We need only invoke the intellectual and cultural milieus of the late 1800s and early 1900s to understand what other sinister events transpired within the asylum walls. Offences of sexual indiscretion like masturbation and deliberate attempts at harming fellow inmates were punishable by solitary confinement and sadistic torture with various mechanical contraptions. Where inmates became chronically manic and subsequently unmanageable the in-house psychiatrists would have resorted to bleeding, electroconvulsive therapy, frontal-lobe lobotomy, and other treatments deemed permissible by the antiquated science of phrenology in an effort to restore their failing ‘sanity’. Operating squarely within the parameters of a defective intellectual and clinical model, the asylum would have failed in most of its attempts to ‘fix’ mental problems and physical ailments. Ararat was in an insignificant and little known corner of the known world, far removed from the philosophical innovations inaugurated by medical practitioners first in Europe and then the United States of America. Psychiatric breakthroughs attributed to Sigmund Freud and the army of psychoanalytic thinkers that followed him, for instance the development of free association tests and dream analysis aimed at identifying feeling-toned autonomous complexes within the recesses of the unconscious which we now know are responsible for the evolution of certain psychopathological conditions, wasn’t officially recognized as a feasible treatment option in Australian medical circles until the 1930s.

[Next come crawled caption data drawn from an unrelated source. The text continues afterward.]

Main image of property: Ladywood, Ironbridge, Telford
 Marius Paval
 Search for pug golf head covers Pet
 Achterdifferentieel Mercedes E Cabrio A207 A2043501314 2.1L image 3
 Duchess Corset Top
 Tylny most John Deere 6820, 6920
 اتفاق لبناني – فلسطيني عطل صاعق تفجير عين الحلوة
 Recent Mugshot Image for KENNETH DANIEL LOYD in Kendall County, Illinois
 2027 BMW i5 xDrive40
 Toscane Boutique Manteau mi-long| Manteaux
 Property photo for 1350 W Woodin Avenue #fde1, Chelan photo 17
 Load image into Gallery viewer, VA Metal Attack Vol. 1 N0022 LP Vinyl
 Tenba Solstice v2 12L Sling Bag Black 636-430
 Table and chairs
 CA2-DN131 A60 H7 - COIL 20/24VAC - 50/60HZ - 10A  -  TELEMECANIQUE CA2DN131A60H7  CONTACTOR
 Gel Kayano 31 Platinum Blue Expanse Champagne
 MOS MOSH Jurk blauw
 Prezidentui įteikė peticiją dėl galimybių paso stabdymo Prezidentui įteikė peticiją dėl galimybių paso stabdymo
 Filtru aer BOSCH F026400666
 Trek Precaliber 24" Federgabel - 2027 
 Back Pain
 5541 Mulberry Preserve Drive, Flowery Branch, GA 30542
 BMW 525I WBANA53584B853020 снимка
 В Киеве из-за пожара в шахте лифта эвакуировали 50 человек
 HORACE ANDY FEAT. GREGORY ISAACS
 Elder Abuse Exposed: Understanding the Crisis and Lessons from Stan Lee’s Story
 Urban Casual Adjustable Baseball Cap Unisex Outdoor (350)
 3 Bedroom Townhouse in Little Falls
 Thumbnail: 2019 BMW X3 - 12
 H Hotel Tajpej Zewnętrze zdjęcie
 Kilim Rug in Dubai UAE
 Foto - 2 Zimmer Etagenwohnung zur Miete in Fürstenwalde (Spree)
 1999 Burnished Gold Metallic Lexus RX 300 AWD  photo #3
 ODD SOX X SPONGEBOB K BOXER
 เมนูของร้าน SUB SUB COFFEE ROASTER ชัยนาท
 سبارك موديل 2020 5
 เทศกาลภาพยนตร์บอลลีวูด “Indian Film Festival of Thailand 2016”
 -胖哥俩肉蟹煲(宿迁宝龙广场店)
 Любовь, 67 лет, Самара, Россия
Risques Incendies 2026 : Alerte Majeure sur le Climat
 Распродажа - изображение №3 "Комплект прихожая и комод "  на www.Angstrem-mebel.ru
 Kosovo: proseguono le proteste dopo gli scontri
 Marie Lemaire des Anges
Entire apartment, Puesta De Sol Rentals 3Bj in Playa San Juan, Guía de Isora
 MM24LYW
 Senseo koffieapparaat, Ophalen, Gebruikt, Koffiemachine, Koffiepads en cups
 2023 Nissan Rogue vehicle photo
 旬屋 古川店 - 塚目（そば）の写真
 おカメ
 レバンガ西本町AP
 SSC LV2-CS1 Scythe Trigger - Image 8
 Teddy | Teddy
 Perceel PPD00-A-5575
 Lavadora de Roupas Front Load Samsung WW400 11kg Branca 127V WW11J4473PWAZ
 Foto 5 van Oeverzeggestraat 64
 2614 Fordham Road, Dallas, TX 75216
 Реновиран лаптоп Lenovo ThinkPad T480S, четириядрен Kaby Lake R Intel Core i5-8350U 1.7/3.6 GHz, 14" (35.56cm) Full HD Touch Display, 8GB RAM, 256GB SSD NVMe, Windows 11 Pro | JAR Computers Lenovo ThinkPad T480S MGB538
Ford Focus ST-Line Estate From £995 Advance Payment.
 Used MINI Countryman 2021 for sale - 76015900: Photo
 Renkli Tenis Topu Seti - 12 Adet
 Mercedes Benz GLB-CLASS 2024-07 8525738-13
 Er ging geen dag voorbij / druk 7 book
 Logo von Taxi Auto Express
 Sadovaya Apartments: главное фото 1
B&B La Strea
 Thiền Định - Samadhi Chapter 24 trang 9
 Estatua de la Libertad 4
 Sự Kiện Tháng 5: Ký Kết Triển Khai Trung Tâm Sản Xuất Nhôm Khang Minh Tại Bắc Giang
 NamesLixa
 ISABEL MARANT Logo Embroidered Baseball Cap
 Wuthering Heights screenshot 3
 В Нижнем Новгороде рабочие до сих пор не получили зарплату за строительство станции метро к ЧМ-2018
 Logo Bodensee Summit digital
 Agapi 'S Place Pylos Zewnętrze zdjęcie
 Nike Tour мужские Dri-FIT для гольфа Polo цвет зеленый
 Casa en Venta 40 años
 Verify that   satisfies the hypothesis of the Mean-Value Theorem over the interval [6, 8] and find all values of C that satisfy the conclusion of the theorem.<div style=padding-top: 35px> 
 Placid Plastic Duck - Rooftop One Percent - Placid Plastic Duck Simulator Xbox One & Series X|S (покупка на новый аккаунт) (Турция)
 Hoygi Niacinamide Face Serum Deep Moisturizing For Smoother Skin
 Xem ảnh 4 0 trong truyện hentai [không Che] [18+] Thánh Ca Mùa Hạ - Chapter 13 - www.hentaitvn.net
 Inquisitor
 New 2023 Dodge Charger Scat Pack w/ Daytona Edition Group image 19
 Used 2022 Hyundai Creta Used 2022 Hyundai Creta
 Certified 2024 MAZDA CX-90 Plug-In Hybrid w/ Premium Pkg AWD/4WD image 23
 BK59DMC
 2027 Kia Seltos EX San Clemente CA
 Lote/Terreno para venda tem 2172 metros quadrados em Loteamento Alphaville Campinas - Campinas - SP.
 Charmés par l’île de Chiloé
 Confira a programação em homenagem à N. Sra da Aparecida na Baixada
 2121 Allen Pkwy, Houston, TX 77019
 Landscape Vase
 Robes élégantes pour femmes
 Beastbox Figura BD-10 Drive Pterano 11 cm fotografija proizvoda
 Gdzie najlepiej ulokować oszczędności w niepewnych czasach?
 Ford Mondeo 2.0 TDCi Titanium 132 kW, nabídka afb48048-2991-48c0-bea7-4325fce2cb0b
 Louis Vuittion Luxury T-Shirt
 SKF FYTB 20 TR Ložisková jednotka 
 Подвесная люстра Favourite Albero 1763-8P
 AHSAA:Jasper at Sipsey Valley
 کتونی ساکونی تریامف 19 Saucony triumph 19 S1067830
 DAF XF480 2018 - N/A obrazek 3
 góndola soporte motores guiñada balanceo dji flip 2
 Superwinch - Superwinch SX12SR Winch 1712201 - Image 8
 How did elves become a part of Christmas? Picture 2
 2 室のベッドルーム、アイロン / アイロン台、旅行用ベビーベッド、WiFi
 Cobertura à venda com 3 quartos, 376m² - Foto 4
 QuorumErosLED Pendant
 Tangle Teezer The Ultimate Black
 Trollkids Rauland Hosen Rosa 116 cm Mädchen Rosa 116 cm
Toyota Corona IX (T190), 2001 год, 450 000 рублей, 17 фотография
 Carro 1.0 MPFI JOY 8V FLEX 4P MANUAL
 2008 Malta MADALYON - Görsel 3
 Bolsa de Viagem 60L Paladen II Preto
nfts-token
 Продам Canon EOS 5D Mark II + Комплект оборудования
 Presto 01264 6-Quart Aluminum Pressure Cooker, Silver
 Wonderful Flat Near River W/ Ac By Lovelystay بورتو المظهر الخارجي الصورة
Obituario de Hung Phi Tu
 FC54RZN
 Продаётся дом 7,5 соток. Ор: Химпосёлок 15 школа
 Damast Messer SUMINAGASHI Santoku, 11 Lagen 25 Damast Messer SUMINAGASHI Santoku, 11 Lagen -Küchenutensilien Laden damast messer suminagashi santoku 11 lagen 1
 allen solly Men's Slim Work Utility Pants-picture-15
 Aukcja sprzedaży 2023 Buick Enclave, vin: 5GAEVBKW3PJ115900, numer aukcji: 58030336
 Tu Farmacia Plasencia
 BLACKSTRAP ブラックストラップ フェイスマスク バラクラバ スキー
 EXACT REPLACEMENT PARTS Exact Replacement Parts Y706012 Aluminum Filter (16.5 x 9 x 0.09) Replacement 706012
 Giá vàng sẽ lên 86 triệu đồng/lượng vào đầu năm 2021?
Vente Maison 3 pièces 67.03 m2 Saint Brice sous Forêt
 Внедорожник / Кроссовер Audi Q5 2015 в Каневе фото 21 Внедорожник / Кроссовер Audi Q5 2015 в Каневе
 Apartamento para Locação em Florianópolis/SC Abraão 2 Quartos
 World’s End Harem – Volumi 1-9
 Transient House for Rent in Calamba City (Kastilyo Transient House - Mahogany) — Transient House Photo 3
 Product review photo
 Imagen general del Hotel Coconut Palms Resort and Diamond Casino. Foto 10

Hence the timeframe beforehand must’ve been an administrative exercise of registering and labelling inmates; of shuttling them off into individual wards; and of providing superficial medical attention when complaints amplified beyond the habitual and customary level. At the end of the day such rudimentary care for individuals who were suffering the battering effects of mental degeneration coupled with physical undernourishment wouldn’t have been enough to thwart nature from taking its lamentable course. With a tattered immune system many would have swiftly capitulated to the bacteria-generated killers of the time–tuberculosis, pneumonia, and diarrhoea. This reality is demonstrated in the asylum’s mortality rate; about four to five inmates died weekly, and that’s when there wasn’t a sudden outbreak of contagious disease (i.e. malaria, cholera, typhoid, smallpox, and so forth). In a nutshell, Aradale was tantamount to an Egyptian sarcophagus, a human flesh eater.